First of all, I want to congratulate whoever put out the report. It's an excellently written report, and it's public. I'm going to use it in class. I wish the media would use it more often, because there many misconceptions going around. It had lots of numbers, which I love.
I think I'm here for the part about the employment benefits and support measures evaluation. There has been a medium- to long-term evaluation of outcomes over five years for people who have gone through these programs.
Now, I have to say that I'm lost in acronyms, Maybe you're better than I am with the acronyms—I don't know—because although we define the same concepts, the literature has one name, and each country has its own definition. So I'm going to try to be less confusing.
Again I'm going to talk about the evaluation of EBSM, employment benefits and support measures. We can split them into two, employment benefits and support measures.
Employment benefits are a bit more expensive. They refer directly to cash that we pay for individuals to go to training, or targeted wage subsidies, or creating jobs especially for the individuals who come to these programs. On the support measures—the other part of EBSM—I'm only going to talk about employment assistance services, which the literature also calls job search assistance.
Let me from the get-go mention that when we look at these evaluations, we as economists tend to focus on the efficiency goal of these evaluations. There is also an equity level, about which we say, perhaps these programs are in place to help the neediest, who otherwise would have access to no other types of services. While we acknowledge that, when we look at the hard numbers we are focused mostly on the efficiency side, and so we tend to ignore the equity part, although the other speakers have well addressed it, and we tend to see how much these programs are worth—what the bang for the buck is, if you want.
This long-term evaluation has found very large impacts for the skill development programs.
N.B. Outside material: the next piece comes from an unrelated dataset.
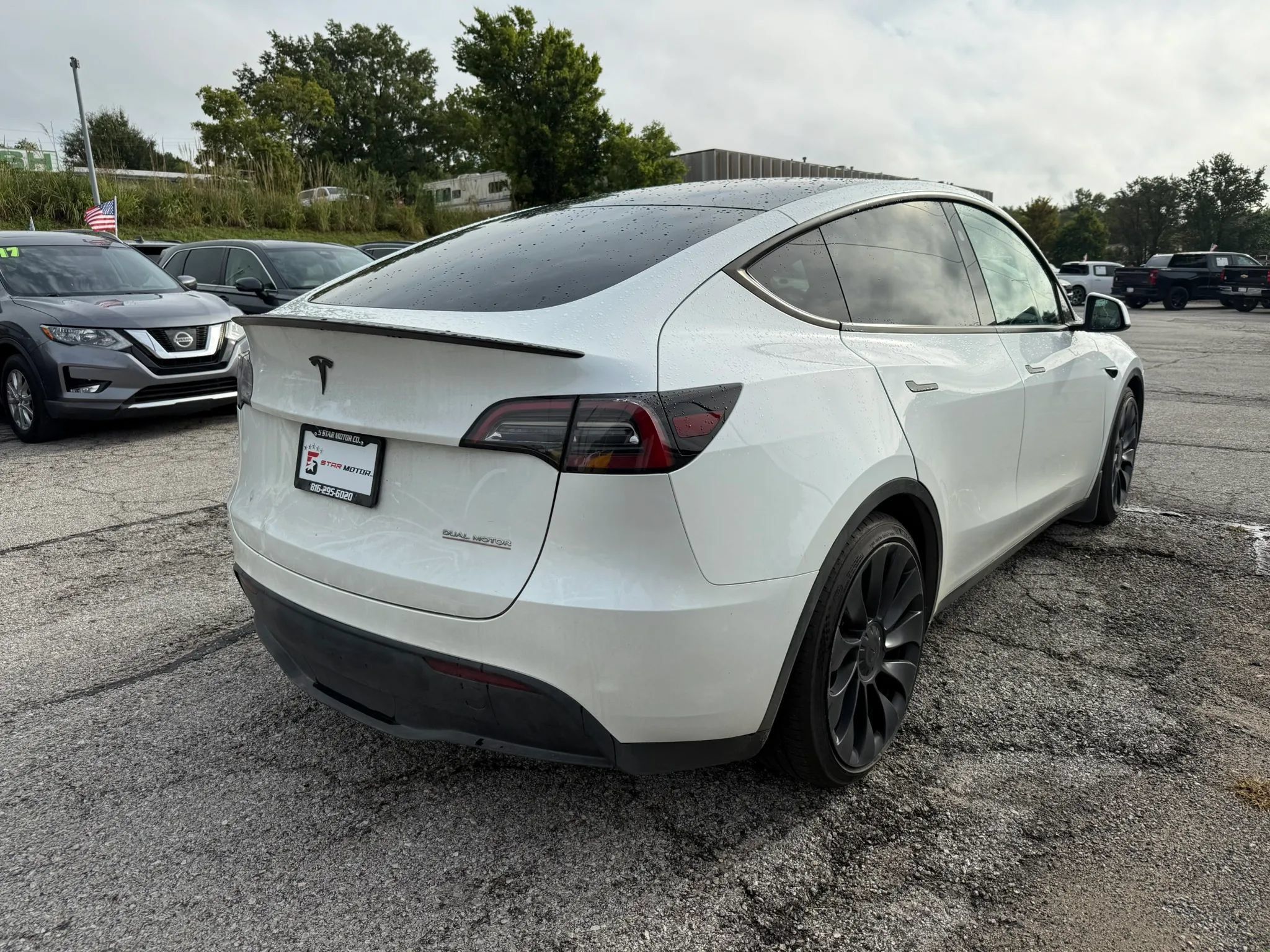 Used 2023 Tesla Model Y Performance AWD/4WD image 2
These programs are for unemployed people who are on benefits and can qualify for training. We look at the impact on four types of outcomes: their earnings, their probability of being employed, their probability of being on EI, and the amount of benefits they claim on EI for one and up to five years after they have gone through this program.
We looked at the impact of the program in the early 2000s. What the evaluation found was very large impacts for the skills training programs, I think a bit larger than the literature finds, and for a couple of reasons.
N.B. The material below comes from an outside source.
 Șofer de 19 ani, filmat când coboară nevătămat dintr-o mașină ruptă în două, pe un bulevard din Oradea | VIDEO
One is that maybe the methodology is somewhat geared—and if I have time, I may explain why—towards finding higher impacts. That's one possibility that goes against the large impacts that were found.
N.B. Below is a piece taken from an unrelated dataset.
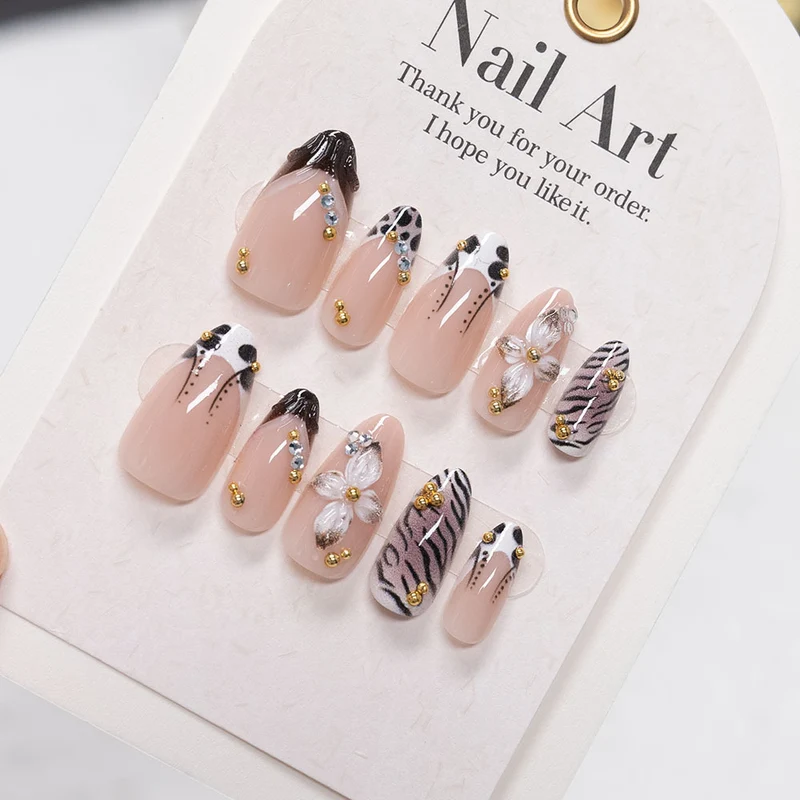 Künstlerisches Nagelset mit floralem und tierischem Druckdesign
Another possibility is that we looked at long-term impacts. Most evaluations look at a year or at most two years after the training happens, but here we go up to five years. There is an emerging literature that shows that longer-term impacts could be higher for people who have gone through these training programs.
So let us go back to the expensive programs. The skill development, the training, seems to have a very large impact. On targeted wage subsidies and earning supplements, there is mixed evidence. People seem to move on and off employment insurance in subsequent years. Maybe they learn how the system works; maybe being in a targeted wage subsidy program gives them enough labour market experience that they can claim benefits. That is a more mixed kind of evidence.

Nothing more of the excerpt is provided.